Vesa’s experience helped her make decisive calls, steady herself in chaotic moments and trust her own voice, making her a sharp and instinctive leader.
For Annelise, summer took a different shape. Instead of one traditional internship, she juggled three jobs and planned out The Vault’s semester.
“If I’d had a big internship, I wouldn’t have been able to do the work I did for the partnership over the summer,” she said. “At the time it was frustrating — you don’t always see the payoff right away. But now I can see it was exactly how it was supposed to be.”
Her experiences became a lesson in trusting the process, shaping the confident leader she is within The Vault today.

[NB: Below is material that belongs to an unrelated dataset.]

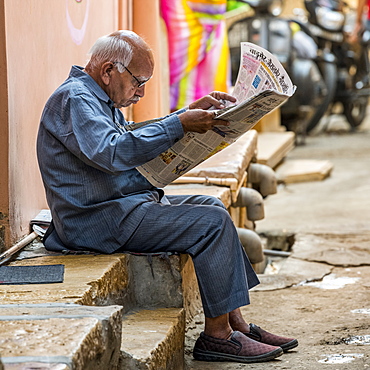 A senior man sits on the side of a street reading the newspaper, Jaisalmer, Rajasthan, India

With all the planning and preparation, the heart of The Vault still begins with something simple: fashion. Annelise describes her style as practical, Scandinavian and lagom — a Swedish word for “just the right amount.”
“Living in Denmark changed how I dress,” she said. “It’s minimal but intentional.”
Their inspirations spill into music and media. Annelise has been on a deep dive into international music — Spanish reggaeton, French R&B, Danish rap — and finds herself drawn to the understated authenticity of Danish vloggers.
Vesa, on the other hand, has been on a rock kick lately and leaned into the style she developed while studying abroad.
“Paris and Italy really shaped me — lace, blazers, sharp denim. I like drama, classy and chic bombshell energy.”
That blend of ambition, aesthetics and community defines the atmosphere of this year.
“Refreshing,” Annelise said.
“Electric,” Vesa added.
It’s this culture of vibrant ideas and passion that builds their confidence in this club’s success for years to come.
“We have so much trust in the people coming after us,” Annelise said. “There will be years of leaders who care and are passionate. We didn’t have this space before, and now that it’s here, there’s nowhere for it to go but forward. I just want that dream-big mentality to stick — that feeling that we can make our own rules.”
Whether members use The Vault to test out a hobby or launch a lifelong career in fashion, Annelise and Vesa want the same thing for everyone:
“Consistent opportunities to step into whatever you want,” Vesa said. “If The Vault gives people that — the confidence to be bold, the community to back them up and the space to dream big — that’s the legacy I hope we leave behind.”
The legacy they’re building is rooted in possibility, stitched together by students who once felt unsure and now standing at the center of one of UW-Madison’s most popular student organizations they helped shape.
And that, more than anything, captures the purpose of The Vault: to educate, inspire and challenge the next generation of creatives.